Algunas veces, como ahora, decido parar e ir hasta la ribera. Dejo la barca en la orilla y veo transcurrir el río, mi vida.

Acabo de cumplir años y la corriente se ha calmado tanto que, a veces, parece estancada.  Casi fango. Estoy acostumbrada a ver pasar otras barcas que me adelantan.  Sus ocupantes me saludan, viajan un tiempo a mi lado, pero luego les veo marcharse. Viajan rápido, a buen ritmo, reman sin tregua. Muchas de esas barcas lucen velas, remos nuevos o están recién pintadas.

Pero no es mi caso. Mi barca es pequeña, tiene la pintura descascarillada por el viaje. La lluvia y el sol ha ido desgastándolo todo, la madera cruje y hasta mis manos ya están cansadas de remar.

Por eso, cuando no puedo más como ahora, paro, contemplo y tomo aire.

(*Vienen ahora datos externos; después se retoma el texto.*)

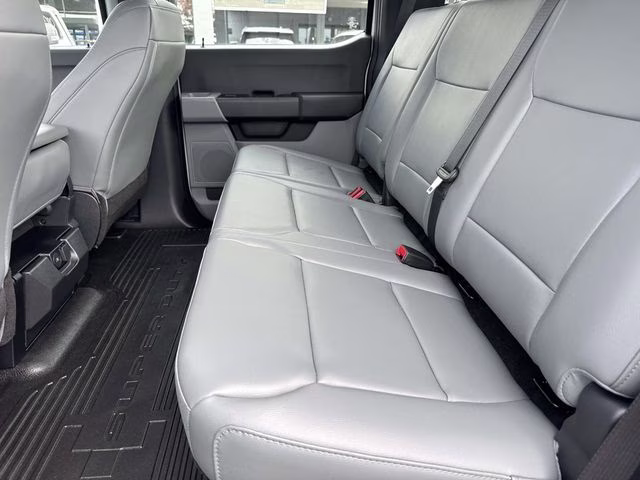 2026 Oxford White Ford Super Duty F-350 DRW XL 4X4 Chassis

No puedo ir atrás, la corriente no me lo permite. Pero puedo mirar los barcos que pasan ahora, mi presente, y tratar de ver, a lo lejos, lo que me espera. Ese temido futuro.

No es la primera vez que paro. Algunas veces, no tuve opción: encallé y tuve que remachar la barca y tirar velas rasgadas. Otras veces, paré en terreno seco, helado o terriblemente rocoso. Pero ahora estoy en una orilla verde con sombra de árboles, hojas de otoño y un terreno en barbecho a mi espalda.

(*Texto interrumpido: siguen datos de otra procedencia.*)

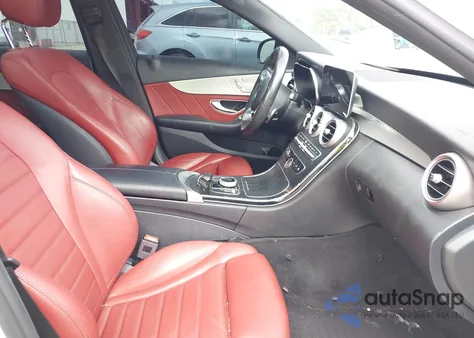 2019 Mercedes-Benz C 300 4Matic из США, поврежденный, VIN 55SWF8EB4KU318644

Los que zarparon conmigo me están adelantando. Pero no importa. No es una carrera o, si lo es, hace tiempo que decidí no participar. Prefiero disfrutar del viaje (de la calma y de la tormenta) y parar y dormir en mi orilla verde. Revisaré mi barca y arreglaré los desperfectos. No importa que tenga remaches, son cicatrices del viaje. No importa que la pintura se vaya marchando, ahora es el color del tiempo.

Puede que dé rodeos pero dicen que hay afluentes que atraviesan bosques que deben ser vistos. Puede que me pierda pero aprenderé a mirar al cielo para encontrar de nuevo el camino. Me tomaré mi tiempo y pensaré en el rumbo. Es mi viaje, es mi vida, mis decisiones. Poco importa el ritmo que lleven los demás o que me digan qué hacer o por dónde ir. La que rema soy yo.

Junto a mí tengo el equipaje que necesito: un botiquín lleno de tildes, letras y puntos suspensivos; unas gafas para curar mi miopía hecha de canciones y recuerdos que no me dejan mirar a lo lejos; y una copa, para cuando me canse de ir gota a gota y quiera dar grandes sorbos al viaje.

También tengo un remo extra y un hueco en la barca. Por si, cuando decida emprender de nuevo la ruta, encuentro un compañero con el que remar. Que me ayude durante un tramo o durante todo el viaje. Ya veremos.

No sé cuánto estaré en esta orilla. Pero el mar todavía queda muy lejos. Estoy descansado, el viaje es largo y, ahora, en mis manos empiezan a cicatrizarse las heridas de remar.